DIM SUM
17 February 2003
The first part of today was like dim sum…little morcels that you get to have little tastes of. The end of the day was like a full multi-course meal. So I’m going to deal with the dim sum in today’s entry, and the full course meal in tomorrow’s.
I am sitting in a room overlooking Chinatown, and in one hour and 15 minutes, I will turn 60.
But that has nothing to do with the dim sum.
It was an awful night. The bed was rock hard and by 3 a.m. I could barely move. If I could have had an emergency call to Marta to come and give me a massage (I’ve never had one), I would have. Here I had a night to actually get caught up on sleep, but my body wouldn’t cooperate and there was no comfortable position I could find. I ended up just getting up at 4 a.m., and being very cranky about it.
“What do the Chinese eat for breakfast?” Walt asked. Here we were in the heart of Chinatown…and when in China, do what the Chinese do, was his motto. Fortunately we had two experts on the subjects in our group. Joe, who played sax in Lawsuit, spent time in China as an exchange student and, in fact, actually covered the events in Tiannemen Square for one of the major media markets here, as he was there for the uprising. His girlfriend Stacey is Chinese herself, and so between them we had good advice on what to have for breakfast: dim sum.
Across from the hotel is a “bakery and dim sum” shop and the four of us headed over there. We let Stacey do the ordering, since the menu was in Chinese. Well, actually, it was translated, but not into English, into Spanish (I was curious about those “Chinese tamales.”)
We ended up with a tasty assortment—pork and chicken steam buns, in that semi-gelatinous dough concoction, something called a “turnip cake” (which was a lot more delicious than its name would have you believe), a fried ball of some sort of meat (naturally, with all that grease, it was my favorite). There was a sesame ball filled with a sweet bean paste and covered with sesame seeds, some shrimp dumplings which looked pretty gross, but were actually very good. Some pork balls (jokes about the show I reviewed last week not applicable), and some steamed pot stickers—the only resemblance to the traditional pot sticker was the shape!.
With all this, we had an enormous bowl of a kind of rice gruel—rice made with about two and a half the required amount of water so that it was more like a thick soup. You add soy sauced and white pepper to this to flavor it; otherwise it’s pretty bland.
When we’d finished breakfast, Joe and Stacey (and Jeri, who had joined us by this time) went off on their own and we set out to explore the neighborhood.
We wandered through the rather extensive Chinatown (as an old SF girl, I’m always surprised with the variety of “looks” to other cities’ Chinatowns).
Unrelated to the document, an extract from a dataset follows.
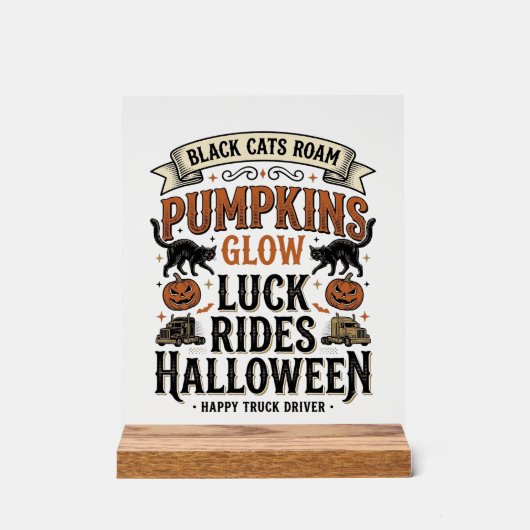 Chemise de chauffeur de camion Halloween avec chat (Recto)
In one of the courtyards (across from a store called “Shop Chuey,” which I thought very clever (but then I’m easily amused) was a famous wishing well. You toss your coins at buckets in this multi-colored rock wall. The buckets are labeled “love,” “wealth,” “travel,” “health,” and the ever popular “lotto.” Judging by the coins in the water, a lot of wishes have been tossed into this fountain. Walt made a couple of tosses but didn’t hit any of the buckets. I tossed a coin up in the air—not aiming for anything—and it handed smack dab in the center of a bucket. Unfortunately, this bucket was not labeled anything, so I’m assuming this means that I will get my wish, if I can ever figure out what it is that I’m wishing for.
We stumbled into the Saigon Market which is an ENORMOUS sorta open air market…it would be open air, except it has a cloth “roof” over it. I lost track of how huge this thing is. It seems to go on forever, with aisles running everywhichway. The vendors have an eclectic assortment of wares heaped into stacks which seem perilously close to tipping over. Some stands seem to consist of things that someone picked up at random in a “lot” sale and displayed all together in one place. I think my favorite store, though, was a karaoke store. A shop that rivaled any small town CD/music store…only it was nothing but videos and CDs with music and prompts for karaoke singing. Now there’s a world I have never explored—and probably never will.
We were going to relax a bit before the wedding, but a parade was passing by the hotel so we went to watch. The marchers were believers in “falun gong” who are protesting those in the world who are persecuting for practicing this tai-chi-like meditation program.